Juan Olivares, sargento de bomberos encargado de coordinar la extinción, recuerda que lo primero que encontraron fueron “seis o siete cadáveres, el conductor del camión y cuatro personas carbonizadas en la parada de autobús”. Durante las labores, un compañero escuchó un gemido: “Me acerqué y vi que una de las personas carbonizadas, una mujer, seguía viva”.
El horror, desde dentro
Ricardo Fernández, periodista de La Verdad en aquel momento, apenas llevaba un año en la redacción cuando cubrió la tragedia. “Nunca he escrito más en mi vida que ese día. Las escenas eran absolutamente dantescas; la carretera estaba cubierta de cadáveres”, relata. Entre las historias que más le marcaron está la de una abuela y su nieta de cinco años que sobrevivieron escondidas en un armario.
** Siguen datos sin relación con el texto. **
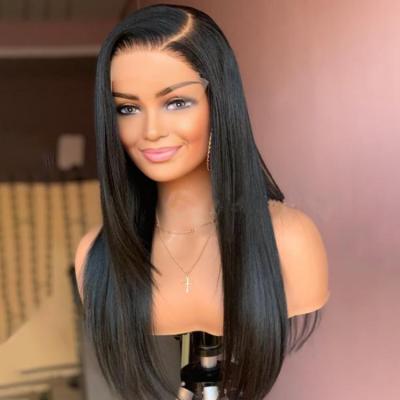 China Silky Straight Malaysian Transparent Human Hair 360 Lace Frontal Virgin Wave Wig Bone Straight Hair Extensions Wigs for sale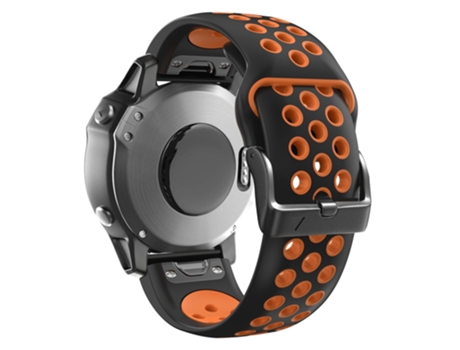 Correa de Silicona dos colores liberación rápida para Garmin Tactix Delta/Enduro/Fenix 7X/Fenix 7X - negro/naranja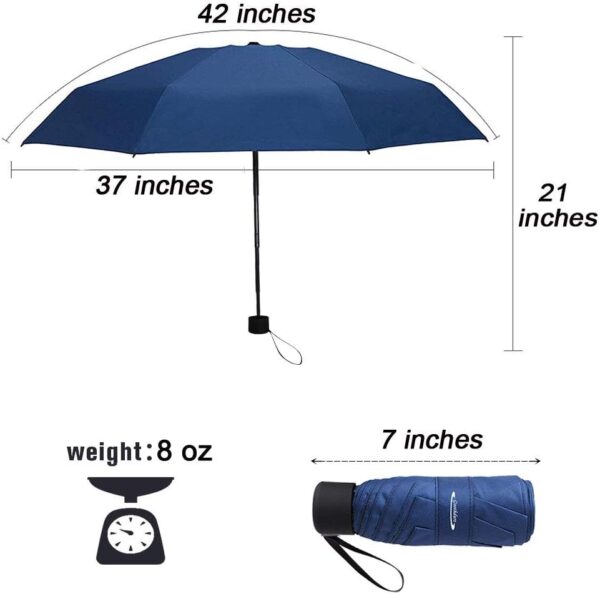 Goothdurs Mini Travel Compact Windproof Umbrella - Small Folding Lightweight Sun & Rain Umbrellas with 95% UV Protection for Women Men - Image 2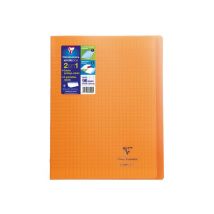 Cahier Polypro - 24 X 32 Cm - Koverbook - Clairefontaine - 96 Pages Grands Carreaux - Orange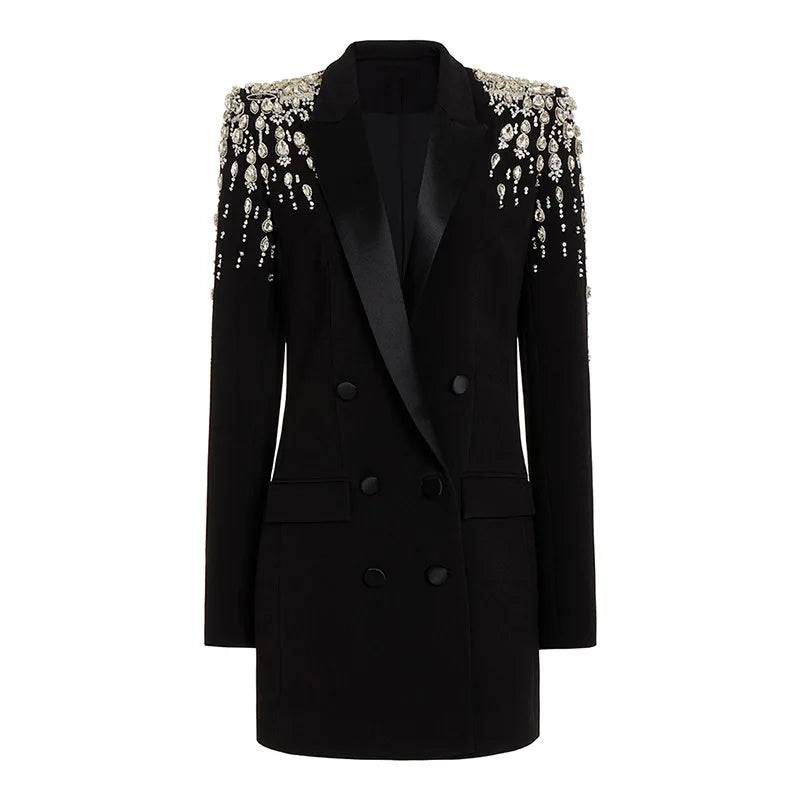 Sparkling Elegance Rhinestone Blazer Dress - Veronica Luxe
Fina y su nieta Ana vivían en uno de los edificios contra los que se estrelló el camión. “Al principio en el armario estábamos bien, pero enseguida el humo era insoportable. Me dije: o morimos aquí o salimos”, recuerda Fina. Finalmente, lograron escapar atravesando el tejado, con apenas fuerzas para respirar.
Un legado para la seguridad vial
La magnitud del accidente obligó a revisar la normativa del transporte de mercancías peligrosas en España. Entre las medidas adoptadas tras la tragedia figura la construcción del carril de desaceleración del puerto de la Cadena, diseñado para evitar que vehículos pesados sin frenos repitan un episodio similar.
Treinta y cinco años después, el recuerdo sigue vivo en El Palmar, donde aquel 9 de agosto de 1990 marcó para siempre la memoria colectiva.